L’errore dell’equipaggio
Alla base dell'episodio, secondo gli investigatori britannici, ci sarebbe stato soprattutto un errore procedurale dell'equipaggio. I piloti ritenevano di aver aggiornato correttamente le cosiddette "V speeds", ovvero le velocità fondamentali utilizzate per calcolare un decollo sicuro. Esiste la V1, ovvero la velocità oltre la quale il decollo deve proseguire perché non ci sarebbe più spazio sufficiente per fermare l’aereo, nota infatti anche come "velocità di non ritorno". La VR indica il momento in cui il pilota deve sollevare il muso per iniziare il distacco dalla pista. La V2, invece, è la velocità minima necessaria per garantire una salita controllata anche nello scenario più critico, come la perdita di un motore. Questi parametri cambiano a ogni volo perché dipendono da numerosi fattori, tra cui il peso dell’aereo, la lunghezza della pista, la temperatura e le condizioni del vento. Un loro aggiornamento errato può quindi modificare completamente le prestazioni previste. L'Aaib ha concluso che la combinazione tra dati non aggiornati e potenza insufficiente ha causato una "corsa di decollo prolungata e una salita iniziale lenta". Gli investigatori hanno sottolineato che, in caso di perdita di spinta durante quella fase, l'aereo avrebbe potuto non riuscire né a fermarsi nello spazio rimanente né a raggiungere una quota di sicurezza adeguata dopo il decollo.

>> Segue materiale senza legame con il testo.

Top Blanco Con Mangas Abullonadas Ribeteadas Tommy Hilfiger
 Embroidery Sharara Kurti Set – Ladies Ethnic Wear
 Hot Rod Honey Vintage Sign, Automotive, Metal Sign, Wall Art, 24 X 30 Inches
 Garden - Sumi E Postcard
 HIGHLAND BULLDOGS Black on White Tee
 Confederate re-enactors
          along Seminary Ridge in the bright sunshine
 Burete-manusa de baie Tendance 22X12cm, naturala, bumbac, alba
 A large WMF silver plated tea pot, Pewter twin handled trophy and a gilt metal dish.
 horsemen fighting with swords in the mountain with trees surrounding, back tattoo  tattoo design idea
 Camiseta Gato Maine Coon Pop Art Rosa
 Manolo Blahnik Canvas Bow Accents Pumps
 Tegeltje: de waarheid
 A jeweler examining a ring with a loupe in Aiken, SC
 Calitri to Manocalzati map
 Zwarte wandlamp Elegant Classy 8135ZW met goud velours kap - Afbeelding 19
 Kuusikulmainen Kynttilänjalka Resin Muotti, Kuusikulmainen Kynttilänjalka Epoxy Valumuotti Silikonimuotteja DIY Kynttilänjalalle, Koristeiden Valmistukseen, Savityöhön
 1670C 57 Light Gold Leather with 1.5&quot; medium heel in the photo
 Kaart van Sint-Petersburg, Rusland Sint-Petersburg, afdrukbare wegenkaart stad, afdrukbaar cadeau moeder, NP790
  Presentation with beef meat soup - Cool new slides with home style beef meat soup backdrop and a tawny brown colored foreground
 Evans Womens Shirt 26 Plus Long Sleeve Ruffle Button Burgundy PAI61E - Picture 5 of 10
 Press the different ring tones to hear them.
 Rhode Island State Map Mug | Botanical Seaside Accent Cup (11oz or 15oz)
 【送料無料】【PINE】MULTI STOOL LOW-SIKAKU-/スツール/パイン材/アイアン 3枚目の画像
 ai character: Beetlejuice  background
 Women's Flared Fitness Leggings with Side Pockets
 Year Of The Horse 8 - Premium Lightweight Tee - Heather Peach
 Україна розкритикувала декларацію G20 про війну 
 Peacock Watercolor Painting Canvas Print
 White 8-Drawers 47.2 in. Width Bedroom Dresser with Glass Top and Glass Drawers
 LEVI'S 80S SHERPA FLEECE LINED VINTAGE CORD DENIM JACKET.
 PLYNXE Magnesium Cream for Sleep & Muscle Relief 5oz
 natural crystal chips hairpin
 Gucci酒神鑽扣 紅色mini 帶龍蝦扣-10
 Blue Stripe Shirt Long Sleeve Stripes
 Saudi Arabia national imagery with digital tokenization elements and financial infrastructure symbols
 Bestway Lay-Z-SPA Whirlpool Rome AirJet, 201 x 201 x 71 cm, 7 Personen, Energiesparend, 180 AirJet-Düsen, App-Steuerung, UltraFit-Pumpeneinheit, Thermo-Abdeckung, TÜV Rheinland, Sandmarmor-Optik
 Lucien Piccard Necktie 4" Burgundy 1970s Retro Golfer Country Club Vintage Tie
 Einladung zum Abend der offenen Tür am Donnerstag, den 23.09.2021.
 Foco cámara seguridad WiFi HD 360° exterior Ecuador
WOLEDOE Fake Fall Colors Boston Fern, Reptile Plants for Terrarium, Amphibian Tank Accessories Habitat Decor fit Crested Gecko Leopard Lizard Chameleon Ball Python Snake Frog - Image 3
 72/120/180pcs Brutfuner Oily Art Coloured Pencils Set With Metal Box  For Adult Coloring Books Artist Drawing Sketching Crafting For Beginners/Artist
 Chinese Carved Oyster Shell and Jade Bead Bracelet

La compagnia aerea ha successivamente rivisto le procedure operative e introdotto nuove indicazioni per gli equipaggi.
La risposta di Wizz Air: "La sicurezza resta la priorità assoluta"
Wizz Air ha precisato che il volo coinvolto non era operato direttamente con un proprio aeromobile, dato che la compagnia utilizza una flotta composta da Airbus, ma rientrava in un accordo di charter con Ascend Airways. "Wizz Air conferma che il volo a cui si fa riferimento nel bollettino dell’Aaib del 9 luglio 2026 è stato operato nell’ambito di un accordo di charter collegato a Wizz Air UK. La sicurezza è, e rimane sempre, la massima priorità di Wizz Air”, ha dichiarato un portavoce della compagnia. La società ha aggiunto che l'episodio è stato analizzato insieme al vettore operativo e che l’indagine dell'autorità britannica ha identificato il caso come un errore procedurale isolato dell’equipaggio. "Wizz Air applica una vigilanza rigorosa su tutti i partner di wet lease. Prima che un operatore venga selezionato, deve soddisfare requisiti normativi, operativi e di sicurezza estremamente rigorosi", ha spiegato la compagnia, sottolineando che durante la collaborazione vengono effettuati controlli periodici e verifiche sulle prestazioni dei partner. Il volo 5411, intanto, dopo il decollo da Luton ha proseguito regolarmente verso Atene ed è atterrato senza conseguenze.